ISO/IEC 42001 is the international standard that frames AI governance as an AI management system. In the RAIDT papers, it is treated as a certifiable organisational standard requiring policies, defined roles, documented information, internal controls, internal audit, management review, corrective action, and continual improvement. This matters because it moves AI governance away from aspiration alone and into the ordinary language of organisational control. However, the papers also note a practical limit: ISO/IEC 42001 increases the expectation that governance should be routinised, documented, monitored, and reviewable, but it does not by itself define a standard proof object for one configured generative-AI use in context.

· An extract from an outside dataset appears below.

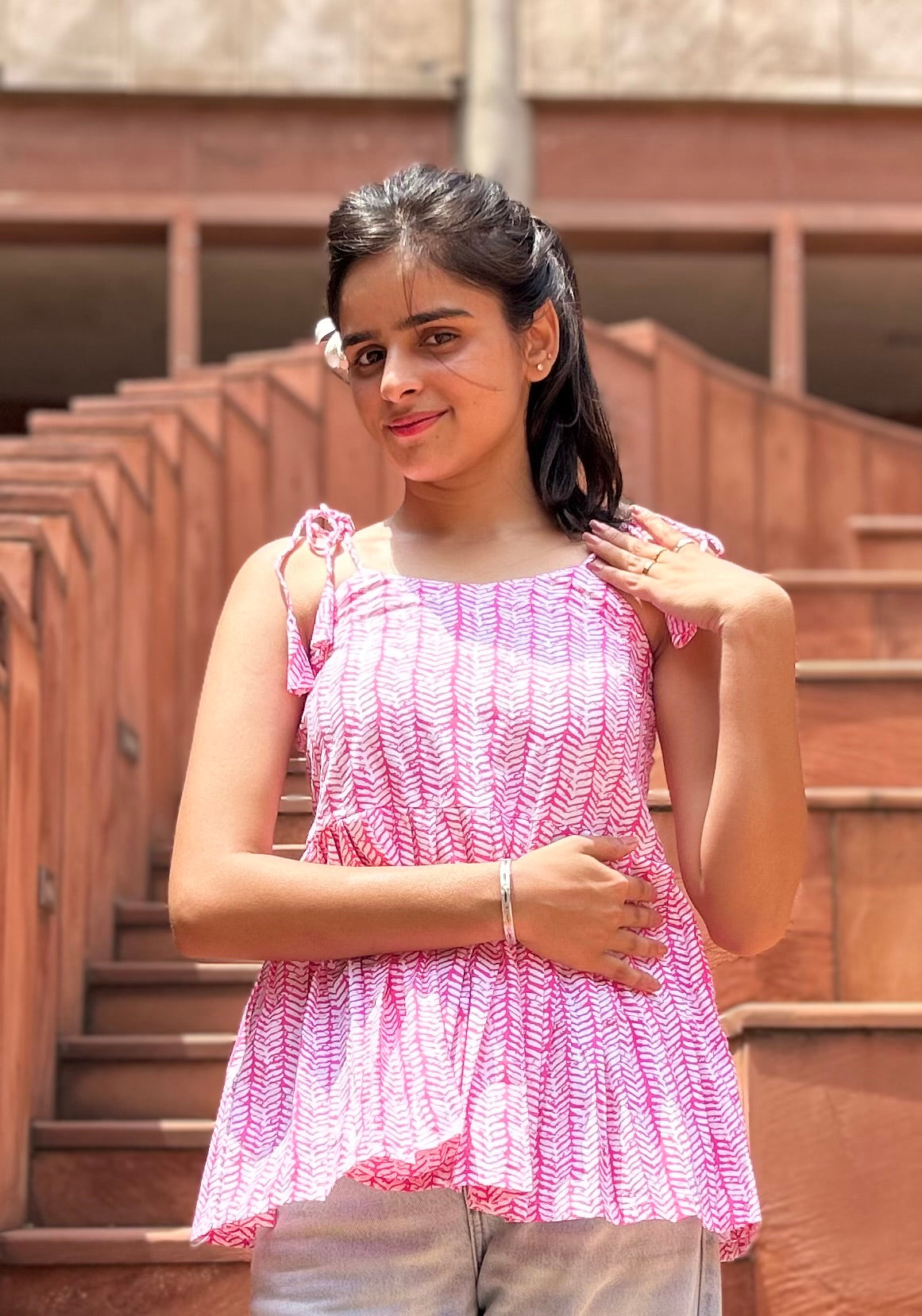 "Jungle Bell Peplum kurti “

RAIDT matters here because it supplies that missing operational layer. It keeps run as the unit of governance and translates system-level expectations into inspectable artefacts: a run-level evidence pack, a score profile, and scoring across the five pillars (Responsibility, Auditability, Interpretability, Dependability, Traceability). The anchors 1=missing / 3=partial / 5=audit-ready make the evidence interpretable for auditors and managers, while preserving trade-offs across the full profile. This is especially important because influence methods as governance interventions can alter outputs and evidence conditions at run time. In practice, ISO/IEC 42001 can govern the organisation's AI management system, and RAIDT can show whether a specific use within that system was actually documented, reviewable, and challengeable.

Practical example

A bank uses generative AI to draft an adverse-action explanation after a credit refusal. ISO/IEC 42001 requires clear governance around roles, communication, documented information, and review. RAIDT operationalises that requirement by capturing a run-level evidence pack with the decision reason codes, the explanation template identifier, the linked policy fields, any uncertainty statement, and the human review step before the letter is sent. The score profile then shows whether Responsibility, Interpretability, and Traceability are strong enough for this high-impact communication.

If the explanation is fluent but the underlying reason codes or policy links are missing, the run may be understandable on the surface yet remain below audit-ready standard. Using anchors 1=missing / 3=partial / 5=audit-ready, the bank can show precisely why the run falls short and what must change before similar letters are used again.